California Governor Jerry Brown imposed mandatory statewide water restrictions on Wednesday for the first time in the state’s history, responding to a four-year drought that shows no signs of easing. Cities and towns must slash their water use by 25 percent, though the mandatory cuts will not extend to farms.
"It's a different world," Brown told news media during an inspection of much-lower-than-normal snowpack in the Sierra Nevada mountains Wednesday. "We have to act differently." (Learn how California's snows have failed.)
California is suffering through its worst drought in recorded history. According to NASA, groundwater is at its lowest level in 65 years and many reservoirs are at record lows.
The new restrictions had seemed “inevitable,” says Tom Painter, a snow scientist with NASA's Jet Propulsion Laboratory in Pasadena, California. “This year was one of the worst on record for snow accumulation in the state.”
This year’s snowpack was just 40 percent of last year’s peak, even though last year already had one of the lowest snowpacks on record, Painter says. That’s a problem because the state gets the majority of its surface water from snow that accumulates in the mountains and then melts to fill rivers and reservoirs in the spring and summer.
Brown’s new rules will require cities to stop watering grass along medians. Golf courses, cemeteries, and other large expanses of turf will also have to slash their water use. A new program will offer rebates to replace old appliances with more water-efficient ones. And Brown announced a goal for some 50 million square feet of lawn to be replaced with drought-tolerant plants.

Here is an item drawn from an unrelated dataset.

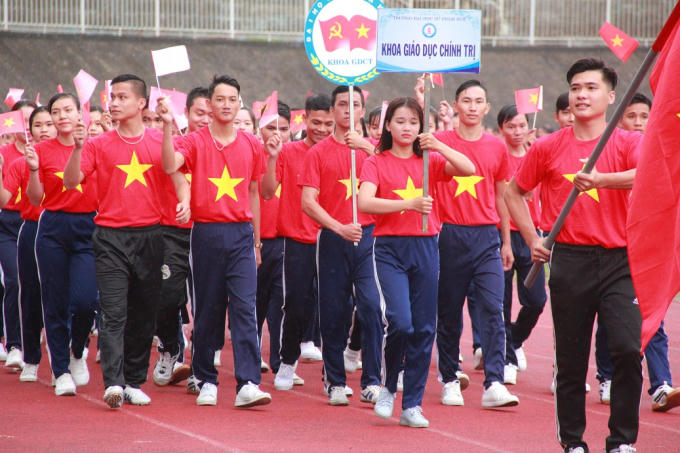 Đại hội thể dục thể thao Đại học Sư Phạm Huế 2017: H&agrave;ng trăm sinh vi&ecirc;n tranh t&agrave;i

New construction will require drip irrigation, which uses much less water than traditional sprinklers. Water agencies are also being asked to adjust their pricing models to encourage conservation.
The mandatory cuts will not extend to farms, which use about 80 percent of the state’s water. Instead, farms are being asked to improve their reporting of water use, so regulators can help reduce waste. The exemption for farmers led some Twitter users to complain:
Brown says the measures are expected to save 1.5 million acre-feet of water over the next nine months.